Feel free to change these to anything you wish. I've only chosen them as a solid starting point. I've run about ~45 simulations to narrow the ranges a little bit (in addition to the work Yu Zhu and Asama Poursoroush did over hundreds of simulations).

  1. BB, BM and NANOTYPE are just numerical representations of the Brush Base (substrate), Brush Monomer, and nanoparticle shell particle types. They can be removed and replaced with anything.
  2. Max Z height offset (1.0) for the brush base beads on line 58.
  3. Relax substrate has 1000 iterations on line 121.
  4. 10000 maximum attempts at placing a single nanoparticle on line 221.
  5. Yu Zhu's Janus function, called on line 246, takes 1200 for kBond between shell beads (aka edges), 45 kBond for bonds between the center anchor and vertex beads, 250 kBend and 50 particleBond isn't used (oops), and 0 is the janus particle's ratio from one type to the other (so unused, but can be modified on a per particle basis).
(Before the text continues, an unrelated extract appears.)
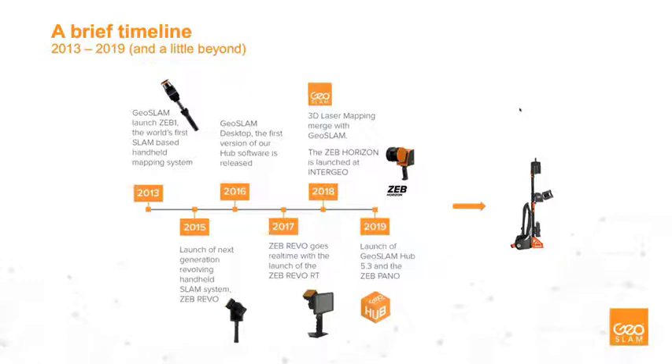Every year or half year we introduce software releases to make our post-processing as robust as possible, while also improving our hardware. Last year we launched the ZEB-Pano, which is essentially the ZEB-Revo RT with a 360-degree panoramic camera on top to contextualize captured environments. At the tail end of last year we also launched the ZEB-Discovery, which harnesses the versatility and capture quality of the ZEB-Horizon combined with an NC-Tech 360-degree panoramic camera, mainly for city mapping and cityscaping applications.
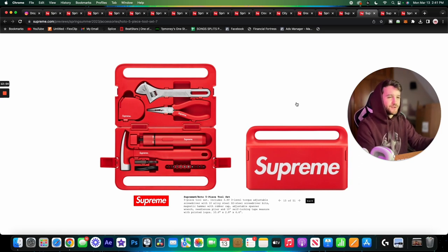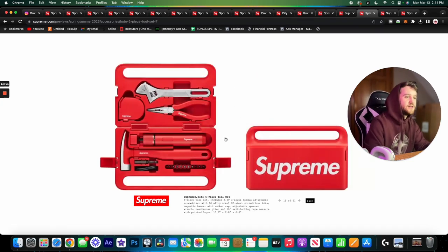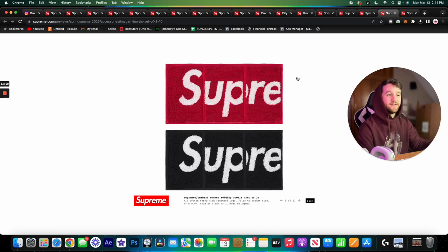Next we have a tool set — a lot more useful, though I'm not really a handyman. The set includes a 3.6-volt 3-level torque-adjustable screwdriver with 10 alloy S2 steel screwdriver bits, a magnetic hammer with a rubber cap, an adjustable spanner wrench, needle-nose pliers, and a 10-inch self-locking tape measure with printed logos. It's a pretty standard toolkit. I'd use the tape measure and pliers every once in a while. I don't know much about the brand Hoto, but I'd imagine these will be on the pricier side.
  6. Eric and Laradji's constants for an impermeable shell particle, called on line 253, takes a CUTOFF of 2.0, RMIN of 1.0, radius 1.3 rmin smaller than the janus shell, 5.88 particles per unit area scaling, 30.0 Umax, and 0.0 Umin (making a repulsive interaction to all particles).
  7. 1.0 is the damping for the langevin thermostat on line 304.
  8. 4 types are defined on line 305 for 0=immobile, 1=BM, 2=NANOTYPE, and 3=BB particles. Make this as big as you want, but when you exceed 100 types, viewing the frames file in vmd is a little difficult.
  9. 2.0 for cutoff on line 314. This is from a simulation that Laradji did with Joel Revalee in ~2006, I believe.
  10. Initial time of 0 on line 322.
  11. Final time of 10000 on line 323.
  12. DeltaT of 0.02 on line 324 (same paper as cutoff above). This can be lowered to increase accuracy and stability, but don't expect the simulation to run very fast.
  13. Store interval of 1000 (1000/0.02=50000 time steps) per frame/restart interval on line 325. We've used this between 100 and 5000. It doesn't affect the simulation itself, but may affect parameters you measure after the simulation completes. Also, low values can take a significant amount of storage.
  14. Measure interval of 100 (100/0.02=5000 time steps) per measurement interval for potential and kinetic energy on line 326. I recommend modifying the MD.cpp code to take new measurements under line ~514, in the main loop of the simulation under comment "Measurements are output here".
  15. Offset of 3.0 on line 344 is for the poisson distribution. Basically the average polymer monomers minus 3 reserved for minimum lengths.
  16. 100 kBond for polymers is pretty ridged for the harmonic bond between monomers on line 351.
  17. On line 361-362 variableBrush has 1.0 for x/y plane aspect ratio, 100.0 for k in metropolis algorithm, and 3.0 for temperature (I probably should have used System.readTemperature() function!).
  18. 0.2 scaling and 0.5 mean offset for the nanoparticles on line 391. Read the comment in this section of code as it is intended to be modified.
  19. Umin and Umax for repulsive and attractive components for particles near the floating boundary on lines 430 to 436. This might need tweaking to get the polymers to remain adhered.
  20. 5.88 for floating boundary surface density on line 438. Scaling constant for boundary potential.
  21. Position of hard boundary along the z component on line 456 could be adjusted within System.readSize().z and 0.
  22. 200 for repulsiveness of hard boundary on line 458. Higher makes the boundary harder. And don't reduce it to zero or lower (divide by zero error when particle lands on boundary).
  23. Umin=0 and Umax=100 for non-bonded forces are repulsive by default on line 484-485.